Records from a collection:
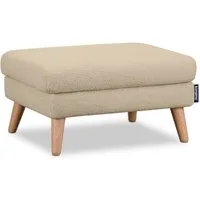 KONSIMO® Sitzhocker TAGIO (Sitzhoker), Scandi-Stil, Made in Europe, Gestell aus Massivholz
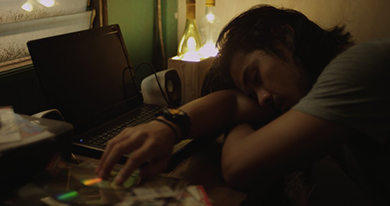 Una scena del film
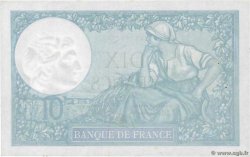 10 Francs MINERVE modifié FRANCE  1942 F.07.31 AU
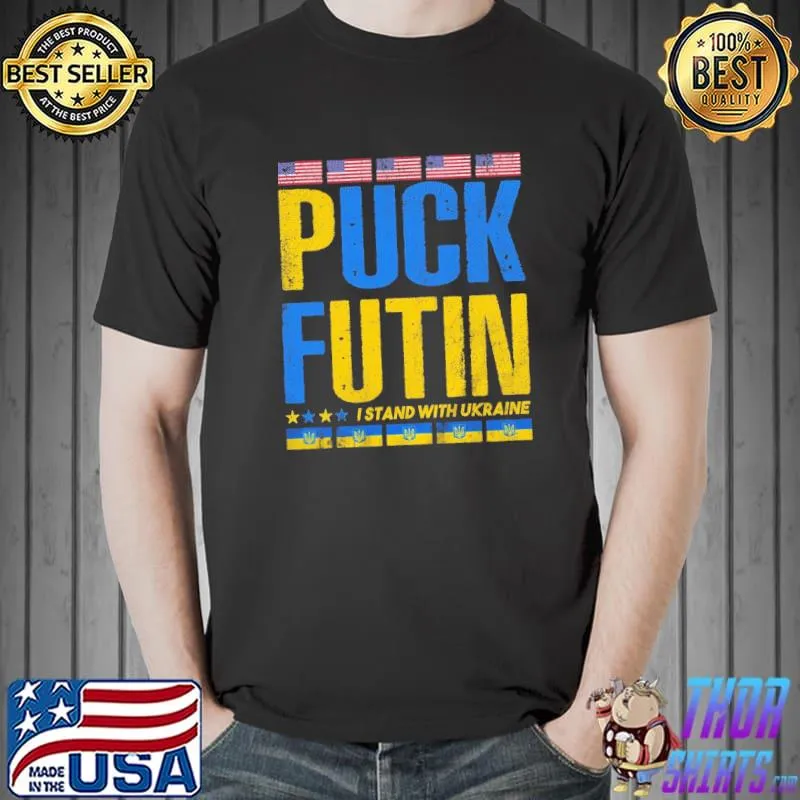 Puck Futin I Stand With Ukraine T-Shirt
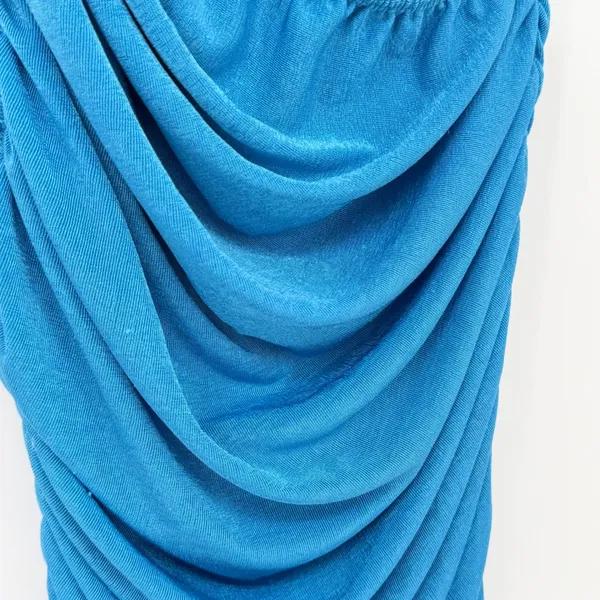 Lioness The Goddess Mini Dress Womens Medium‎ Blue Ruched Bodycon Clubwear Party - Image 5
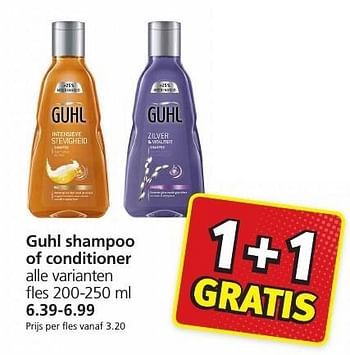Aanbiedingen Guhl shampoo of conditioner - Guhl - Geldig van 09/01/2017 tot 15/01/2017 bij Jan Linders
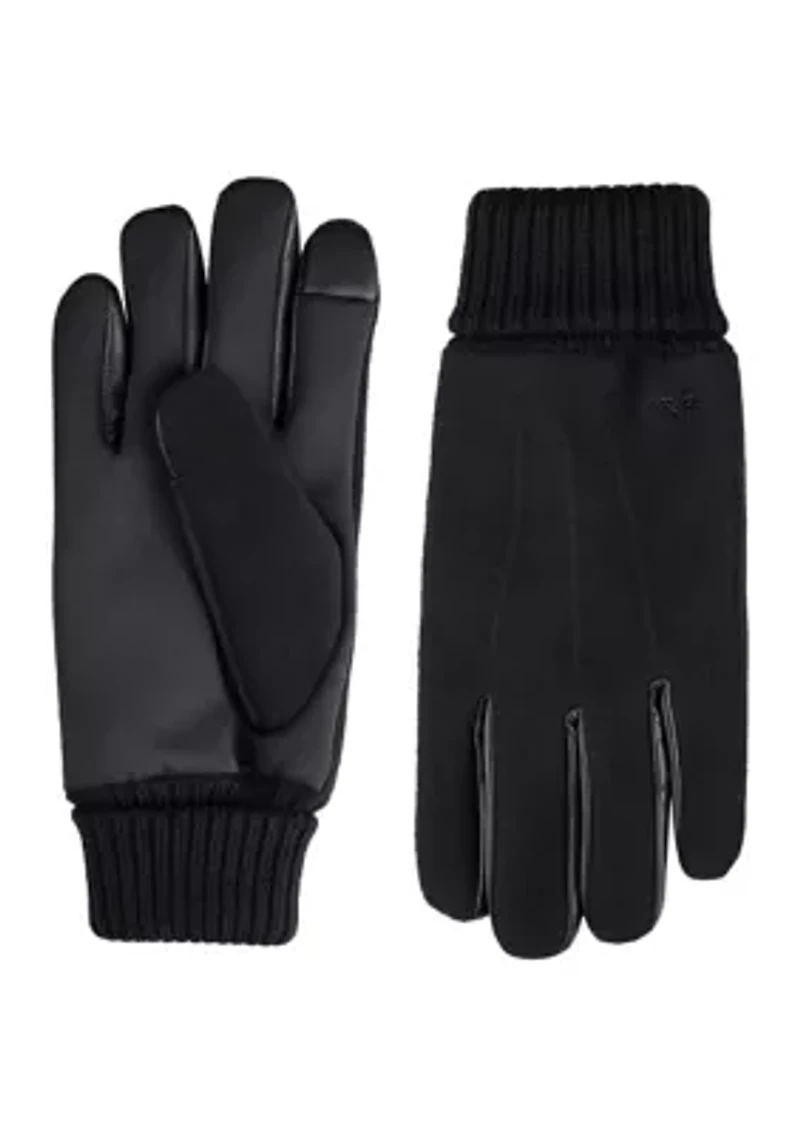 Stretch Gloves with Knit Cuffs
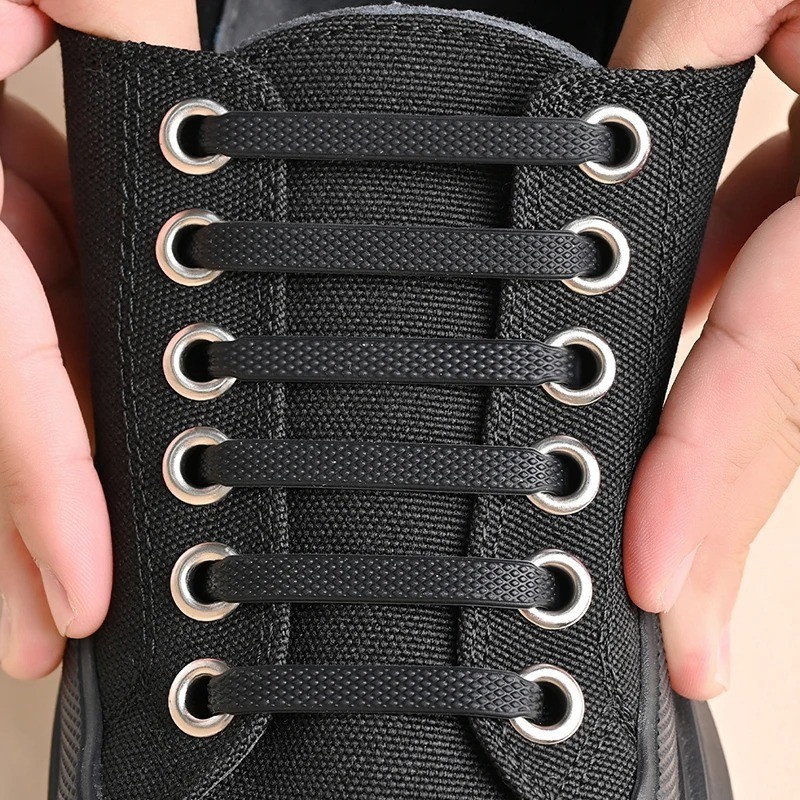 16pcs Elastic No Tie Shoelaces Silicone Stretch Rubber Bands Unisex Sneakers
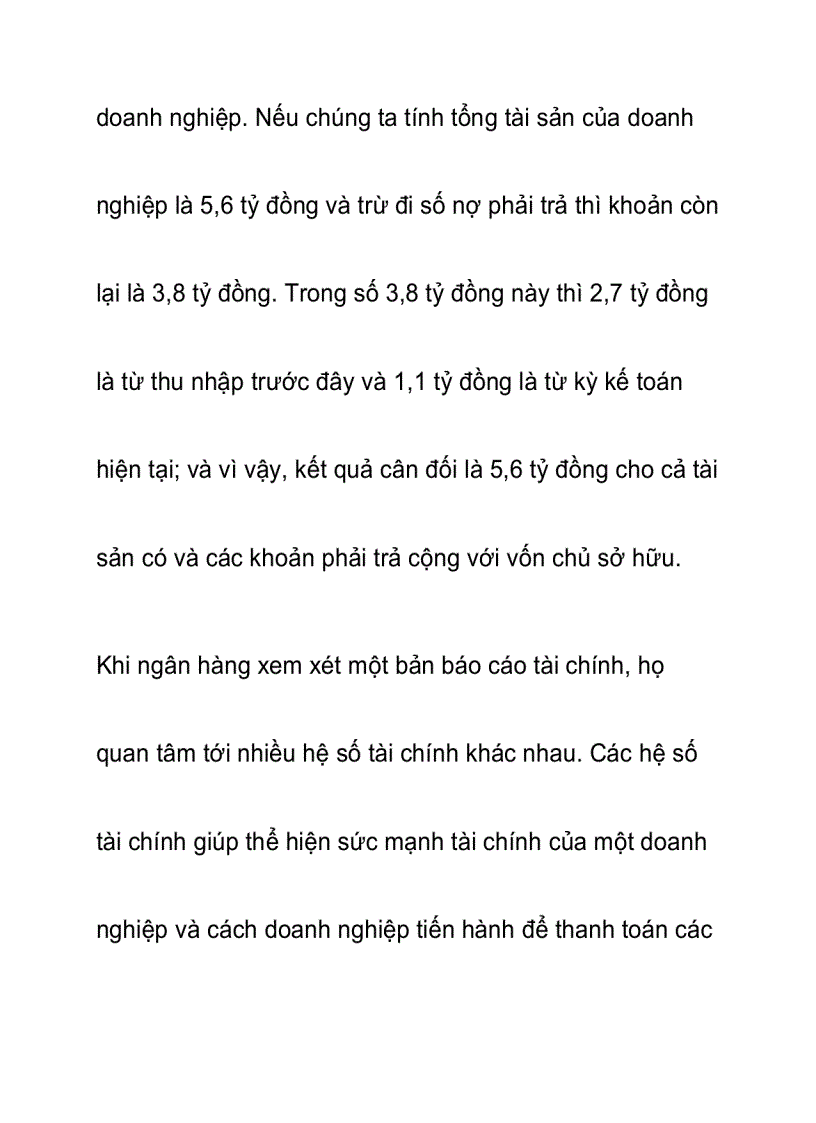 image for page Bảng cân đối kế toán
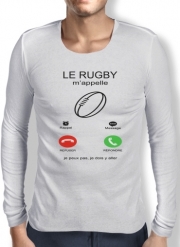T-Shirt homme manche longue Le rugby m'appelle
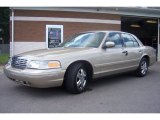 Harvest Gold Metallic Ford Crown Victoria in 2000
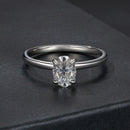 925 Sterling Silver Moissanite 1ct Ring Size 8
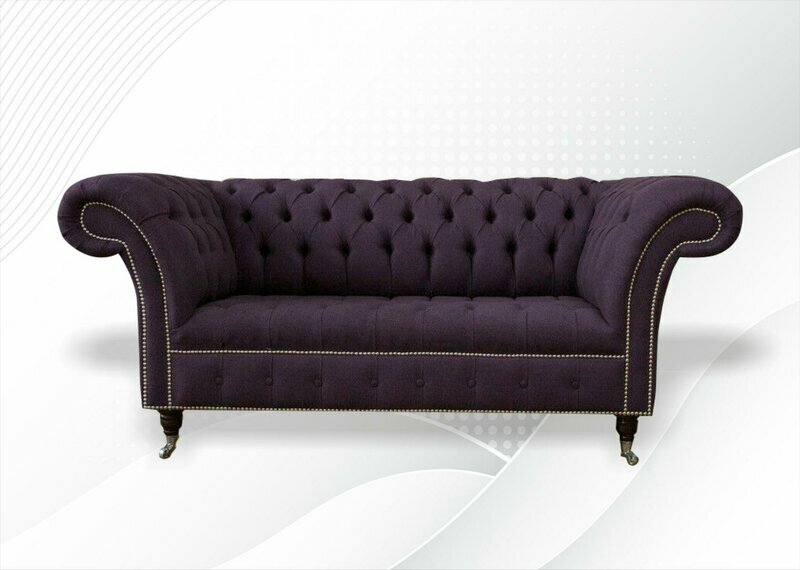 Zweisitzer Wohnzimmer Designer Ledersofa Couchen Polster Sofa Sofas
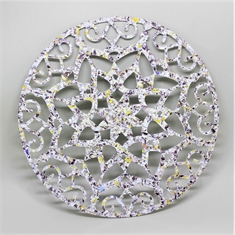 Mandala Mosaico 25x25cm Sustentável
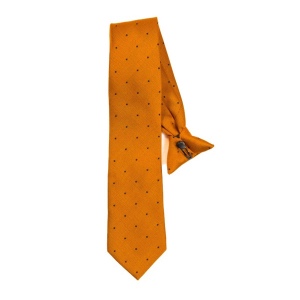 Cravate à clip en création de dessin - 100 % polyester tissé jacquard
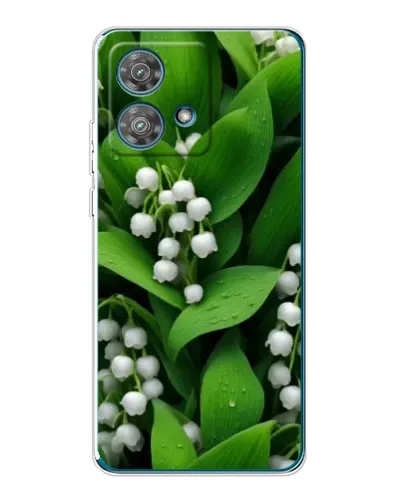 Чехол для Motorola Edge 40 Neo с картинкой «Ландыши в зелени» Чехол для Motorola Edge 40 Neo с картинкой «Ландыши в зелени»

- **EXERCISE DETAILS**
Copy out the lines above in full and unaltered, apart from the pictures.

- **RESULT BELOW**
 KONSIMO® Sitzhocker TAGIO (Sitzhoker), Scandi-Stil, Made in Europe, Gestell aus Massivholz
 Una scena del film
 10 Francs MINERVE modifié FRANCE  1942 F.07.31 AU
 Puck Futin I Stand With Ukraine T-Shirt
 Lioness The Goddess Mini Dress Womens Medium‎ Blue Ruched Bodycon Clubwear Party - Image 5
Aanbiedingen Guhl shampoo of conditioner - Guhl - Geldig van 09/01/2017 tot 15/01/2017 bij Jan Linders
 Stretch Gloves with Knit Cuffs
 16pcs Elastic No Tie Shoelaces Silicone Stretch Rubber Bands Unisex Sneakers
 image for page Bảng cân đối kế toán
T-Shirt homme manche longue Le rugby m'appelle
 Harvest Gold Metallic Ford Crown Victoria in 2000
 925 Sterling Silver Moissanite 1ct Ring Size 8
 Zweisitzer Wohnzimmer Designer Ledersofa Couchen Polster Sofa Sofas
 Mandala Mosaico 25x25cm Sustentável
 Cravate à clip en création de dessin - 100 % polyester tissé jacquard
 Чехол для Motorola Edge 40 Neo с картинкой «Ландыши в зелени» Чехол для Motorola Edge 40 Neo с картинкой «Ландыши в зелени»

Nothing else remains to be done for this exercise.